Now the main difference between test
data and other data, like video data,
is that it has rich opinions,
and the content tends to be subjective
because it's generated from humans.
Now, this is actually a unique advantaged
of text data, as compared with other data,
because the office is a great
opportunity to understand the observers.
We can mine text data to
understand their opinions.
Understand people's preferences,
how people think about something.
So this lecture and the following lectures
will be mainly about how we can mine and
analyze opinions buried
in a lot of text data.
So let's start with
the concept of opinion.
It's not that easy to
formally define opinion, but
mostly we would define
opinion as a subjective
statement describing what a person
believes or thinks about something.
Now, I highlighted quite a few words here.

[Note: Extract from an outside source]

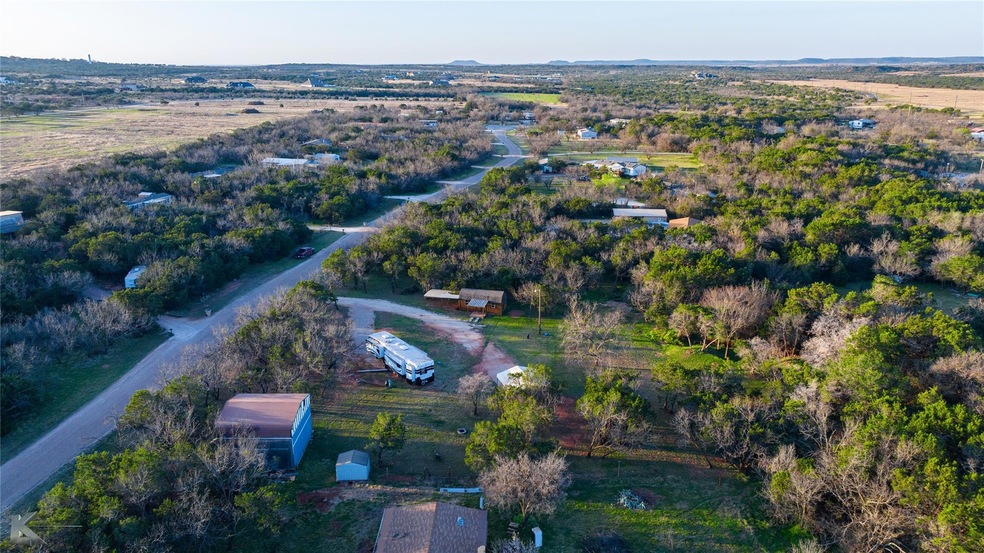 Pending $105,000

And that's because it's worth thinking
a little bit more about these words.
And that will help us better
understand what's in an opinion.
And this further helps us to
define opinion more formally.
Which is always needed to computation to
resolve the problem of opinion mining.
So let's first look at the key
word of subjective here.
This is in contrast with objective
statement or factual statement.
Those statements can be proved right or
wrong.
And this is a key differentiating
factor from opinions
which tends to be not
easy to prove wrong or
right, because it reflects what
the person thinks about something.
So in contrast, objective statement can
usually be proved wrong or correct.
For example, you might say this
computer has a screen and a battery.
Now that's something you can check.
It's either having a battery or not.
But in contrast with this, think about
the sentence such as, this laptop has
the best battery or
this laptop has a nice screen.
Now these statements
are more subjective and
it's very hard to prove
whether it's wrong or correct.
So opinion, is a subjective statement.
And next lets look at
the keyword person here.
And that indicates that
is an opinion holder.
Because when we talk about opinion,
it's about an opinion held by someone.
And then we notice that
there is something here.
So that is the target of the opinion.
The opinion is expressed
on this something.
And now, of course, believes or
thinks implies that
an opinion will depend on the culture or
background and the context in general.
Because a person might think
different in a different context.
People from different background
may also think in different ways.
So this analysis shows that there are
multiple elements that we need to include
in order to characterize opinion.
So, what's a basic opinion
representation like?
Well, it should include at
least three elements, right?
Firstly, it has to specify
what's the opinion holder.
So whose opinion is this?
Second, it must also specify the target,
what's this opinion about?
And third, of course,
we want opinion content.
And so what exactly is opinion?
If you can identify these,
we get a basic understanding of opinion
and can already be useful sometimes.
You want to understand further,
we want enriched opinion representation.
And that means we also want to
understand that, for example,
the context of the opinion and
what situation was the opinion expressed.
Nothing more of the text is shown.